━━━ Dataset section
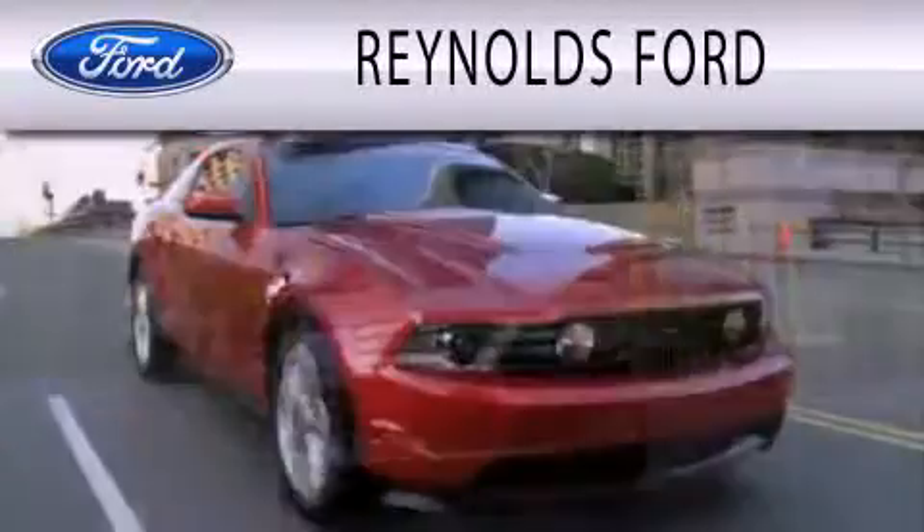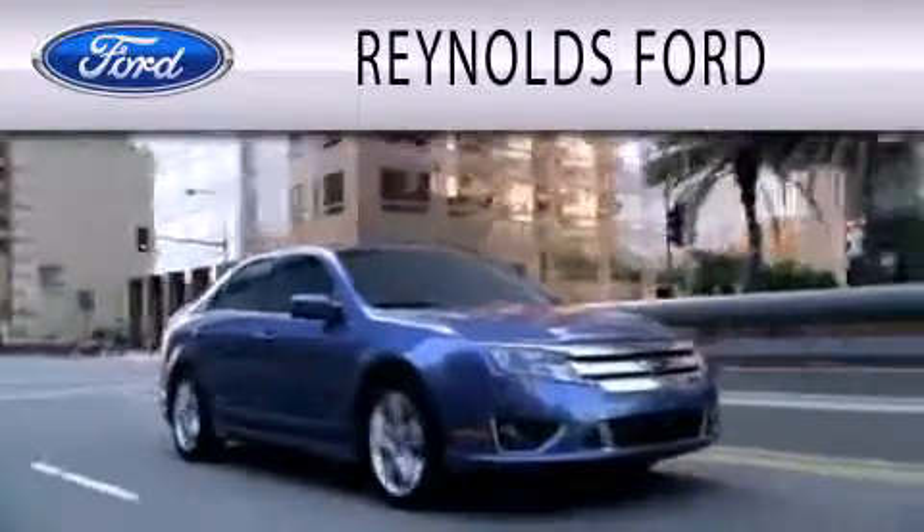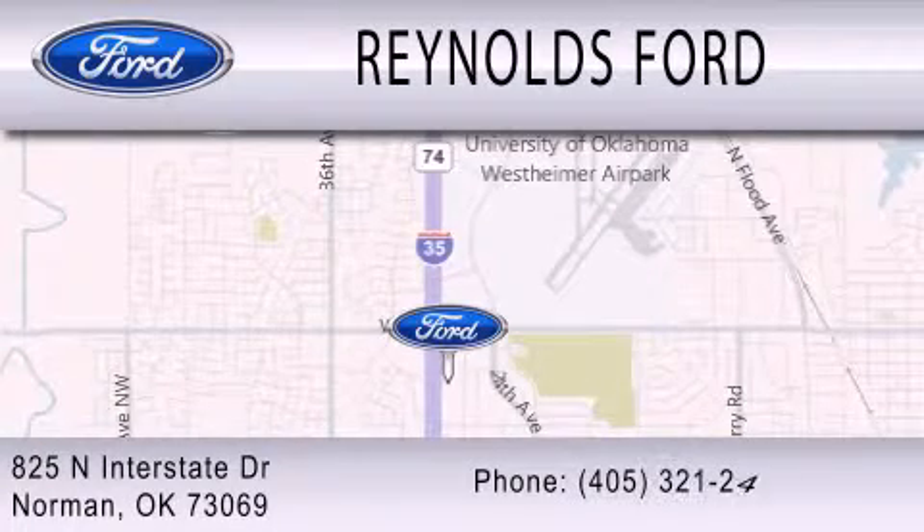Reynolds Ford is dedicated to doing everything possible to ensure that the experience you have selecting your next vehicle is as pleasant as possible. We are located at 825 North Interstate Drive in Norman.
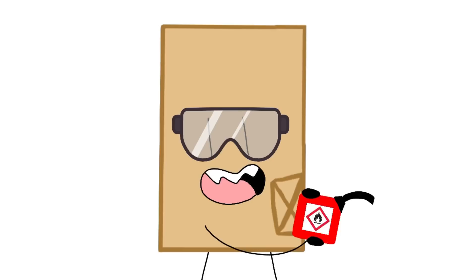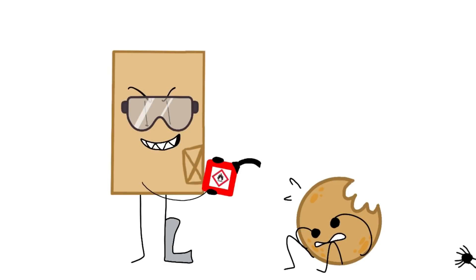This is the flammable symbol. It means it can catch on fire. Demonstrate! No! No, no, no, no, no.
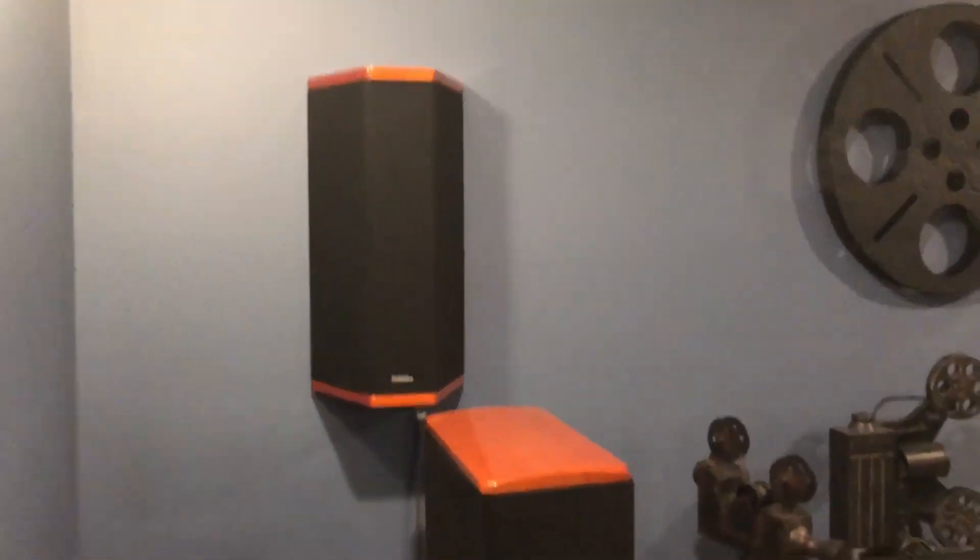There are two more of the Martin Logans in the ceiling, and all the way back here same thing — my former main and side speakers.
━━━━━━
§ **What is required**: Without the pictures, write out the whole listing exactly as it appears.

§ **Output for this task**:
Reynolds Ford is dedicated to doing everything possible to ensure that the experience you have selecting your next vehicle is as pleasant as possible. We are located at 825 North Interstate Drive in Norman.
This is the flammable symbol. It means it can catch on fire. Demonstrate! No! No, no, no, no, no.
There are two more of the Martin Logans in the ceiling, and all the way back here same thing — my former main and side speakers.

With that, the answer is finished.